There are various methods for calculating the insurance needs of a family. Some agents prefer quite detailed and complicated ones, and you can do such calculations yourself on a sheet of paper or even on-line. A general problem with many of those approaches that you can easily get lost in the details. Furthermore, they may give the false impression that anyone can deal with these issues with extreme precision and certainty, while in fact the most anyone can do is sketch with broad brush various future scenarios. We can, and should, examine various realistic, or even extreme, assumptions and chances, and try to build as much fix points into our life as seem necessary and possible. The strength of the method I present here is in its simplicity and the ability to make anyone more conscious of his or her situation. Of course, when the needs analysis is part of a detailed comprehensive financial plan, then there is more sense in striving for more elaborate and specific analysis.

Let's suppose Mark (35 years old) has a gross annual income of $45,000, and that of his wife, Angela (33), is $30,000. They have two kids, aged 6 and 2.

What would be the financial consequence of Mark's sudden death?
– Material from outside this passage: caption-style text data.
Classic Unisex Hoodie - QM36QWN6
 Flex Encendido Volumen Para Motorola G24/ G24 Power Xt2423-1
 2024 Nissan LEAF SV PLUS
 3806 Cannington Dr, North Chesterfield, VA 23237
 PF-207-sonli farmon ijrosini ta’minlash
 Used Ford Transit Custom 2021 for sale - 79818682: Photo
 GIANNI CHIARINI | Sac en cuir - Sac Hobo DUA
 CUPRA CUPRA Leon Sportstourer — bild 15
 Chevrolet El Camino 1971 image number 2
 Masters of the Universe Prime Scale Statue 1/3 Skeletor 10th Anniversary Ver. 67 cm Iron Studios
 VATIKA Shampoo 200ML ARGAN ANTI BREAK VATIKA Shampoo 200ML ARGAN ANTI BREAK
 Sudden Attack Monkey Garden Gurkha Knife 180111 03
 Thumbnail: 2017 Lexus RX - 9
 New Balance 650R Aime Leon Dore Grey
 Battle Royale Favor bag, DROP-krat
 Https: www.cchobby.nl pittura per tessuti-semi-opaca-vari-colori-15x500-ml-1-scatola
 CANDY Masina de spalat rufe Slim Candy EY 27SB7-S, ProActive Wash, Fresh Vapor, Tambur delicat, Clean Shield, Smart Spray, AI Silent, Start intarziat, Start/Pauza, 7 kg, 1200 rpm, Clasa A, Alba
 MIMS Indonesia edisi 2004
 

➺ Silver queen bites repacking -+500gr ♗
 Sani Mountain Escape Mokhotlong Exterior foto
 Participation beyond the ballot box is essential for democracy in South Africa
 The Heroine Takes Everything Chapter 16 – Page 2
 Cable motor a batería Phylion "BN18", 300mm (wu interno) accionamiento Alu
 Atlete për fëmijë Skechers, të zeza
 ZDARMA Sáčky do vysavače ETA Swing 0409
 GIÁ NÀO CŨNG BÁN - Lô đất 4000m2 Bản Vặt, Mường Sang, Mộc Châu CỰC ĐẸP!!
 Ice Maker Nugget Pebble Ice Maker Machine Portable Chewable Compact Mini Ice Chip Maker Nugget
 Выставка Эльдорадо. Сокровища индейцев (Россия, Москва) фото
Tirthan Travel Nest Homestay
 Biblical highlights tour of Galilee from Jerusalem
If the family wants to keep its standard of living, they would need a large part of his lost salary for many years. How large a part, and for how many years are the questions we have to seek answer to first. What is the share of Mark's income that is spent on himself now? No outsider can tell this exactly, perhaps not even Mark; an estimate of 20 to 30 percent seems to be quite generous. His food, clothing, and personal pastimes probably do not take more, since the majority of his income is spent on the individual and common needs of his family. So, we can say that about 75 percent of his income is needed after his death, as long as the kids are not financially independent, at least. Since parents usually recognize the importance of education to the future of their kids, we can probably assume that Angela would need that additional income until her youngest child is at least 21 or so. (One can argue that the family can survive on much less income than what we calculate here, and that the kids can earn their living much earlier, ... or even that Angela may remarry and then she wouldn't miss Mark's income. Yes, all these things may happen. The question is, does Mark want such things to happen as of necessity, or does he want leave them the best chances to arrange their life with the most freedom possible. We can even suppose that the substitution of Mark's non-financial contribution to the family will have to be paid for, needing extra income, but let's forget that item now.)
How much will she get from group and government plans for the kids, as a widow? Probably not more than $5,000 or 6,000 annually. Let's say it is $6,000. 75% of Mark's $45,000 gross income is $33,750, less the $6,000 makes the annual income needed as $27,750.

If Angela is to receive the proceeds in the next 19 years (that is while her youngest child is under the age of 21), does she need 19 times $27,750? Not really, since the money not yet used can be invested. On the other hand, will she need really $27,750 every year, to keep their standard of living? No, she will need increasingly more, nominally, because of inflation. If we come up with a realistic estimate of inflation and that of the interest she can expect from her investments, then we can calculate a lump sum of money (the insurance need) that can provide Angela and her three children with the income discussed above. This kind of calculation can be called as Income from Capital Analysis. What would be a realistic assumption for inflation? It's better not to be misled by its current low level; the assumption of 3% as an annual average on the long run is quite modest. The assumption for the long term level of interest should be somewhat conservative too. One can read a lot about returns of 15-20 percent in various funds, but it's far from being typical, and especially not on the long run. Historically, interests are about 3% higher than inflation, so we can estimate it for our calculation as that of 6%.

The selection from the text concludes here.